A collection of concepts and tools about statistics.
1. From Central Limited Theorem to Confidence Interval
* 1) regardless of the distribution of the real population, the sample mean always follow the normal distribution, if you sample enough times with good population (>30).
* 2) the normal distribution of the sample means (x-bar) has its own mean, and and standard deviation.
* 3) CLT says, that mean equals to the mean of the population (mu).
* 4) and CLT says, that standard deviation of sample s, can be estimated by standard deviation of the population (sigma).
s = sigma / sqrt(n)
* 5) in practice, sd of the population (sigma) is not normally available, therefore, we use sd of the sample (s) as an approximation.
* 6) so it follows the whole formula of Confidence Interval:
Confidence Range = (x-bar) +/- z* s/sqrt(n)

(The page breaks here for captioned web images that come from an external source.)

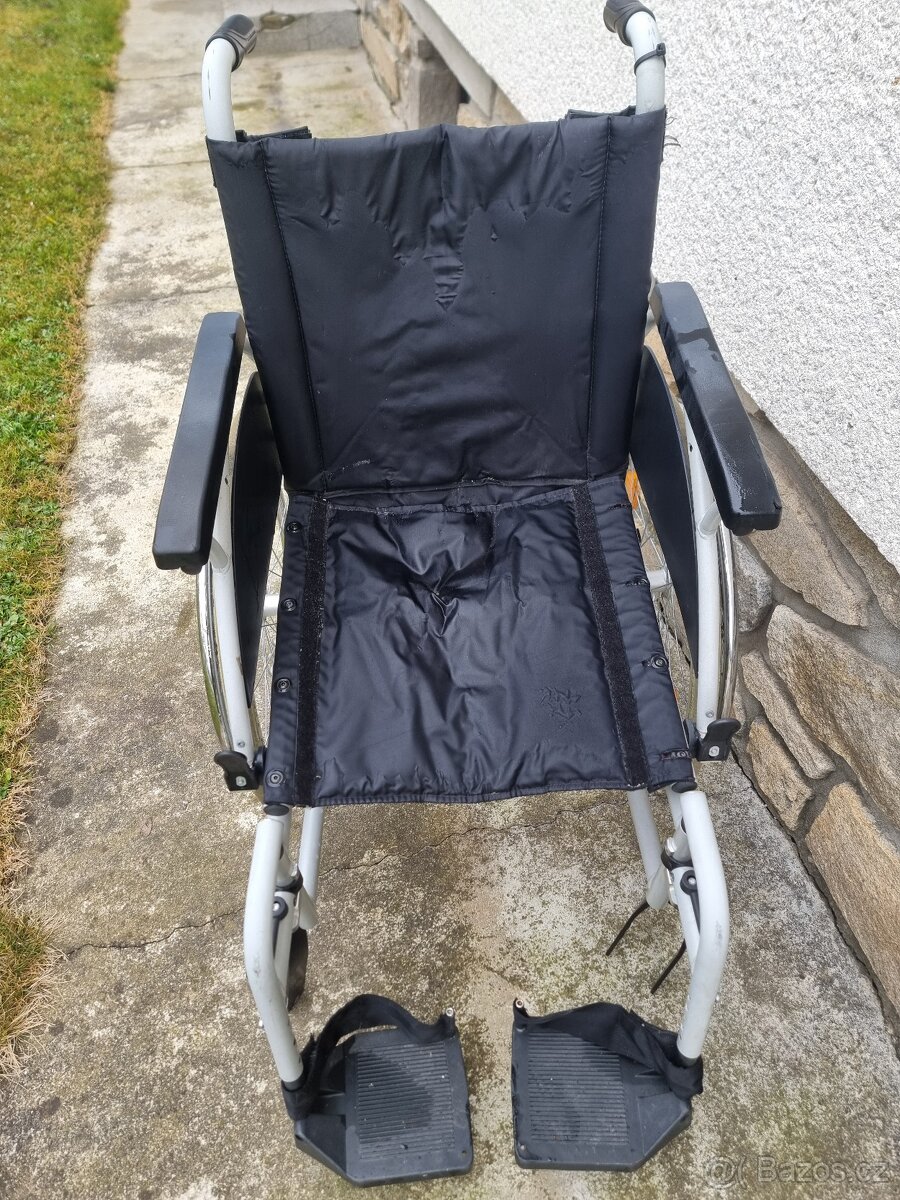 Prodám invalidní vozík BREEZY viz foto. - 2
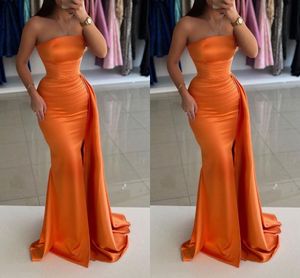 Simple Orange Mermaid Evening Dresses For Women Strapless Backless Side Split Satin Pageant Gowns Special Occassion Birthday Celebrity Party Dress Formal Wear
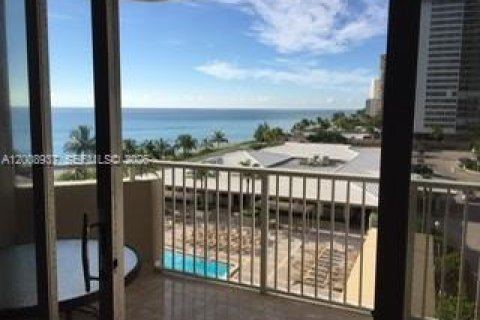 Copropriété à louer à Hallandale Beach, Floride: 1 chambre, 80.82 m2 № 2170956 - photo 2
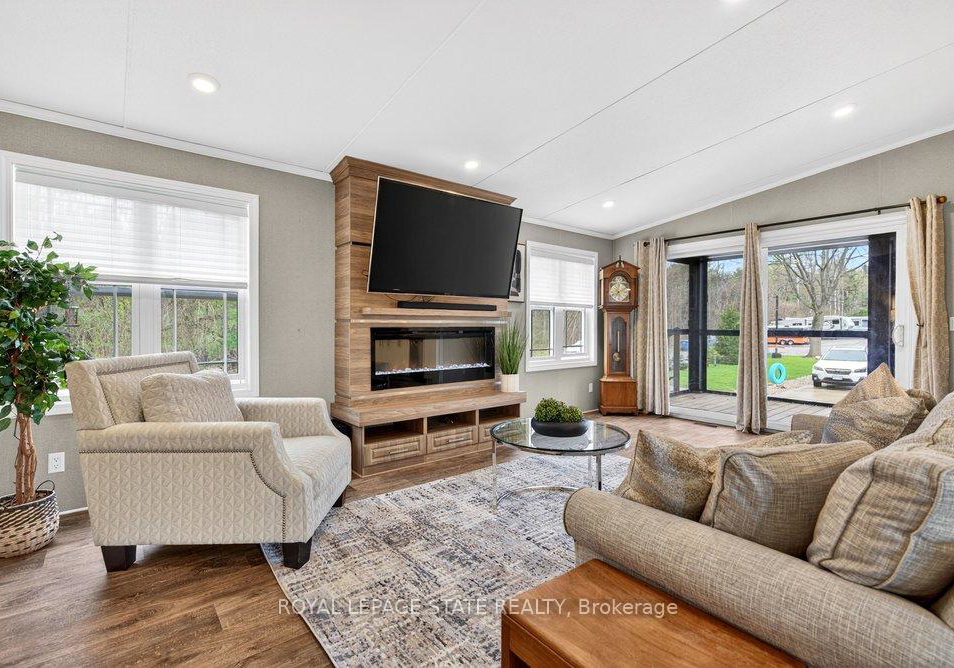4449-milburough-line-burlington-ontario-w13069396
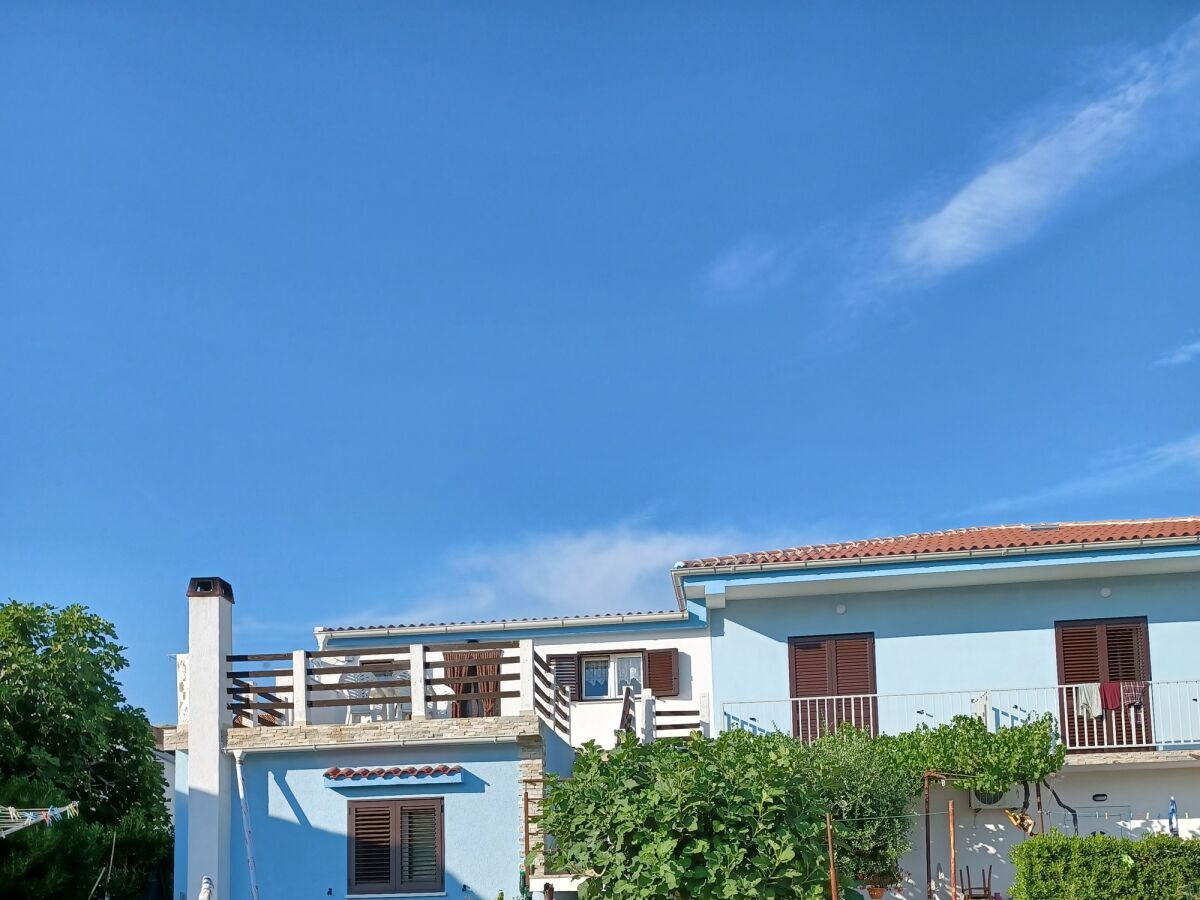 Apartment Four-bedroom apartment with terrace and sea view Pag A-6325-a - Outdoor photo 5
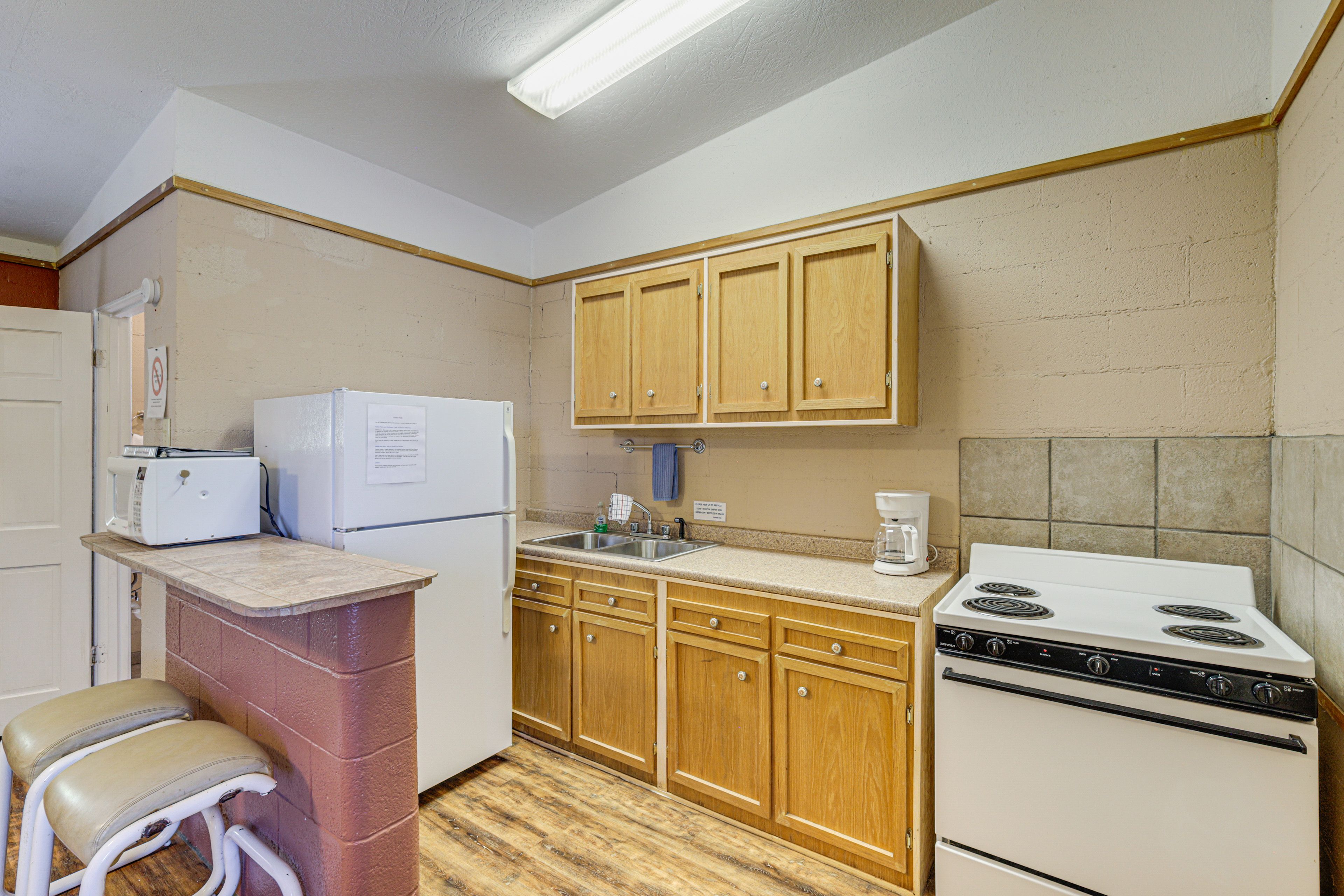 Studio | Kitchen | Free WiFi | Window A/C & Heating Unit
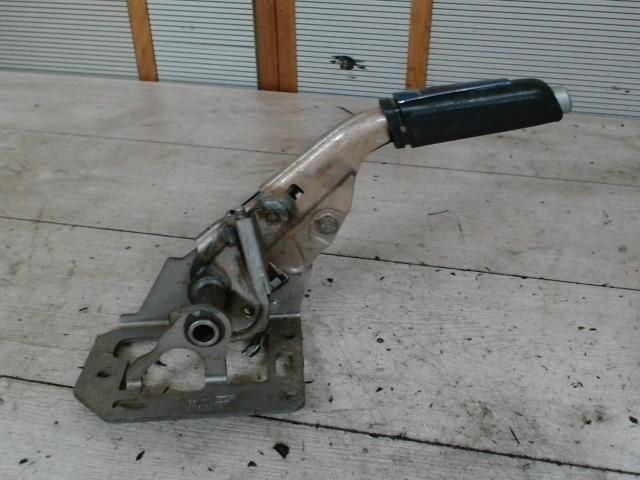 bontott FORD FOCUS II Kézifék Kar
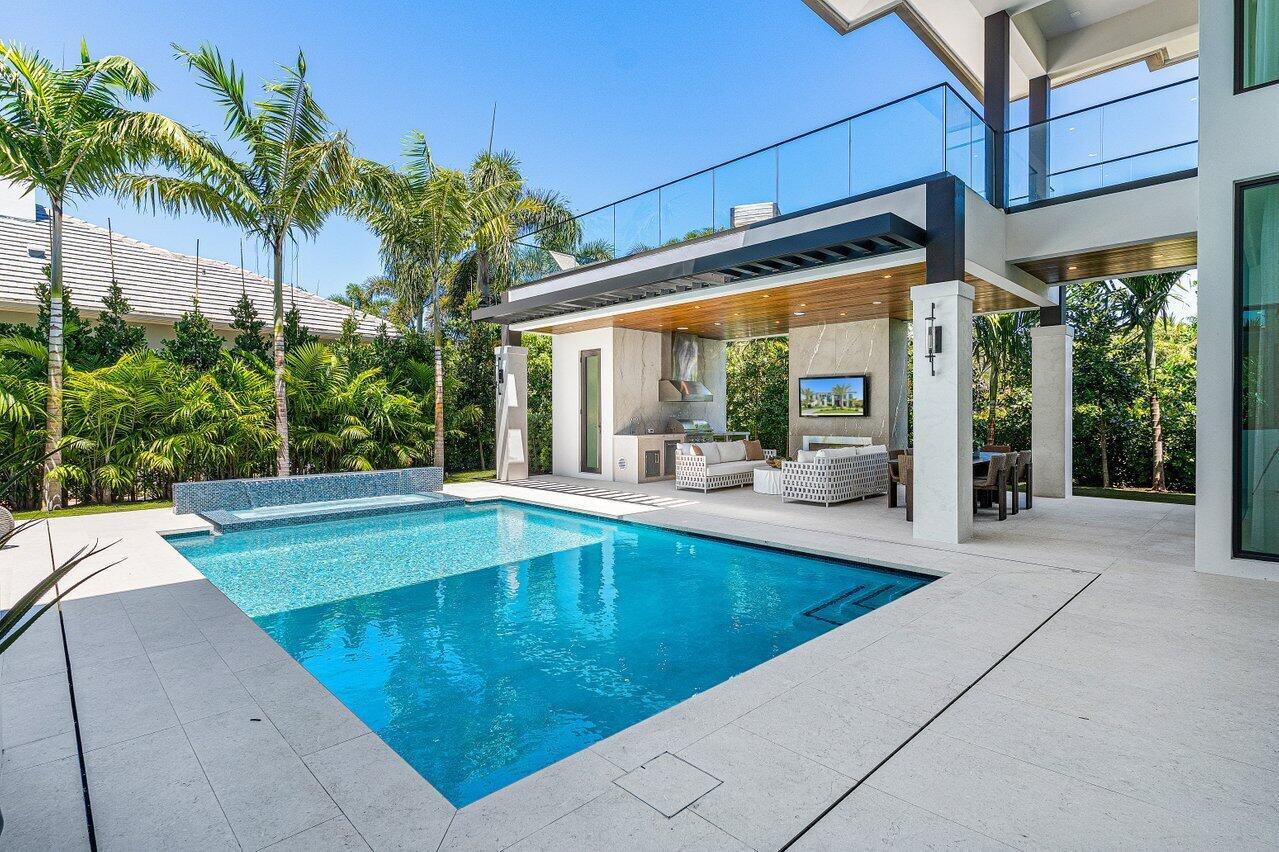 ROYAL PALM YACHT & COUNTR - Residential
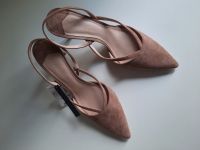 VIOLETA Leder Damen Riemchen Pumps Gr. 41 Farbe Beige NEU & SEXY Hessen - Bad Homburg Vorschau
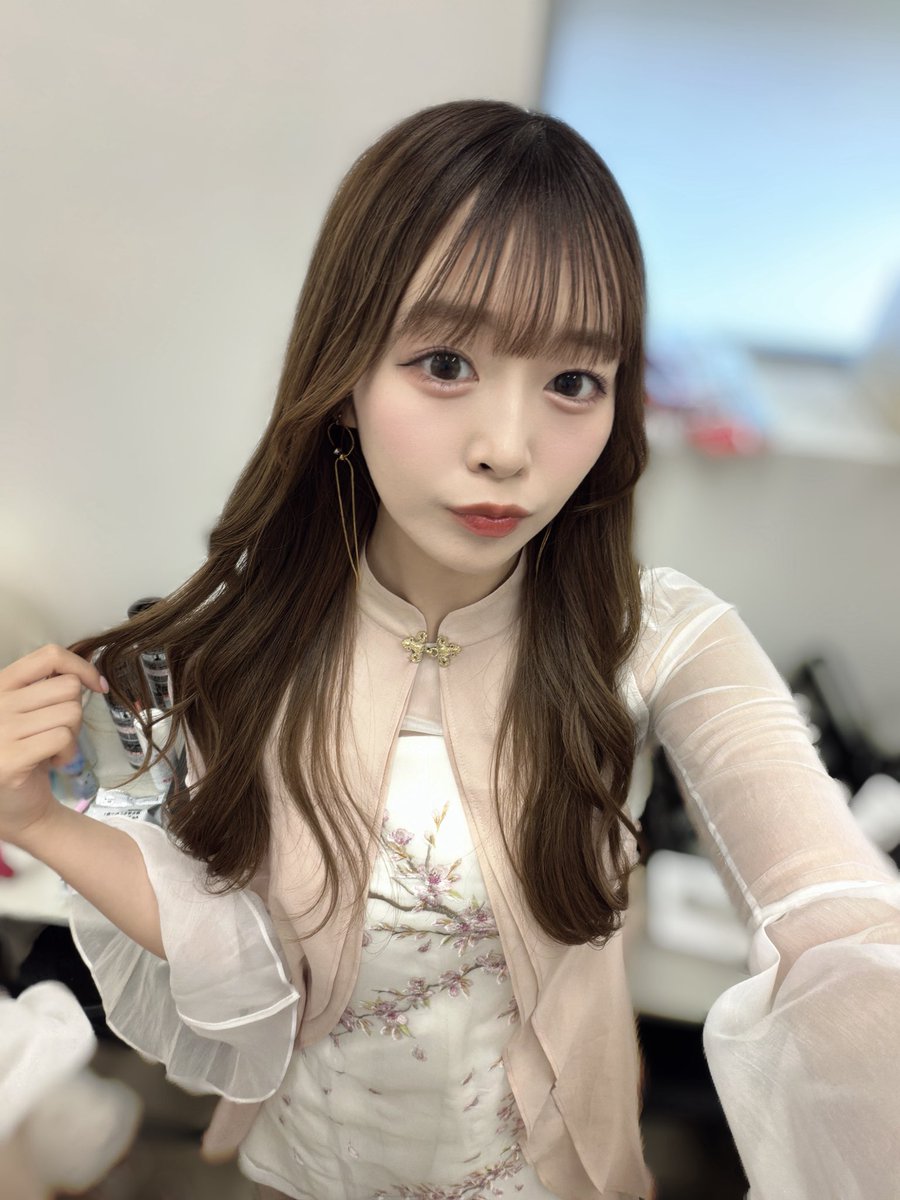 新野 楓果 tweet media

* 7) z is the number of standard deviations your precision allows your x-bar to deviate away from the real population mean. z is directly linked to the value of confidence level.
* 8) the proper claim is: I have the confidence that by 95% of the chance, the population mean is x-bar.
2. From Confidence Interval to Hypothesis Testing
* 1) state null (H0) and alternate (H1) hypothesis: the alternative is always the one of your belief; the null is the other side.
- Note: the hypothesis is for the purpose to reject.
* 2) select a level of significance (5%)
* 3) identify the test statistic: R will help you.
* 4) formulate a decision rule:
* 5) take a sample, arrive at a decision
- reject the null, and accept the alternative: I have certain confidence to believe that my initial intuition is correct.
- do not reject the null: I DO NOT have a confidence to believe my intuition. But NOTE, it doesn't mean my intuition was wrong either. It only means: no conclusion.